The famous picture of the Korean peninsula at night is much like West Virginia and its borders with surrounding states. Be it a river or an imaginary line, businesses in other states build right up to the border, but on the West Virginia side—nothing.
Before leaving, I was talking with two former professors and told them about my upcoming trip. They noted how poorly West Virginia had developed in recent decades, citing the residents’ collective resistance to capitalism, a plethora of business regulations, and a death grip by trial lawyers looking to make West Virginia a venue for class action lawsuits.
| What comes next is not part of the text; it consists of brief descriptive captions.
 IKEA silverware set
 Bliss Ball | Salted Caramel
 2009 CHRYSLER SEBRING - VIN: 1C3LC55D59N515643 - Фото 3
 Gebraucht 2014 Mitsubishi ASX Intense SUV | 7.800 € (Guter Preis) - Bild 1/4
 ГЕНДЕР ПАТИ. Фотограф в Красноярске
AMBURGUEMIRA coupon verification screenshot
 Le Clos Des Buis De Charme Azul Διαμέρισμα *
Despite this ingrained character, the coal miner ethic has created a citizenry used to hard work and self-reliance. Their ears perk when you talk to them about a candidate who wants to cut taxes and get the government out of their lives, but petitioning here hasn’t been easy. The sparse population spread over the entire, large state means extra planning and plotting. While the main focus has been the capital city of Charleston, efforts are now being launched to begin canvassing areas around the state like Beckley, Morgantown and Huntington. Huntington and Morgantown are homes to Marshall University and West Virginia University, two of the top universities in the state.
Most of the efforts of volunteers in Charleston have been in this week’s Rib Fest, which is expected to see more than 30,000 people attend in the four days the event is hosted. With a booth stocked with signs, Bob Barr and Libertarian stickers, Libertarian Party literature and petitions, we’ve brought in signature after signature.
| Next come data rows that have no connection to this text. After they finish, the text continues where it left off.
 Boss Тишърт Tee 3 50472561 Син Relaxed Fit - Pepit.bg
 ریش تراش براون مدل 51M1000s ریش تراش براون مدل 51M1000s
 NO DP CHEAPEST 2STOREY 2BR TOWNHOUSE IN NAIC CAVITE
Though maybe not the favored candidate, the idea of more choice has had broad appeal to most who have stopped by the booth. Their friendly demeanor and extreme pessimism for the upcoming election makes them very open to putting an independent candidate on the ballot. Most who express an opinion about the upcoming election have yet to mention John McCain—either good or bad. Others refer to Obama with an air of resignation or outright contempt.
It seems few are excited about their prospects.
West Virginia is certainly ripe for the picking this year for Libertarians. If Bob gets on the ballot in West Virginia, the lack of enthusiasm for McCain in a state predicted to lean for him, combined with a general distrust of Obama, should give him solid numbers.
Thus far, the West Virginia government has been incredibly helpful in the ballot access drive, and the people very friendly. One can only hope this good fortune continues through the drive.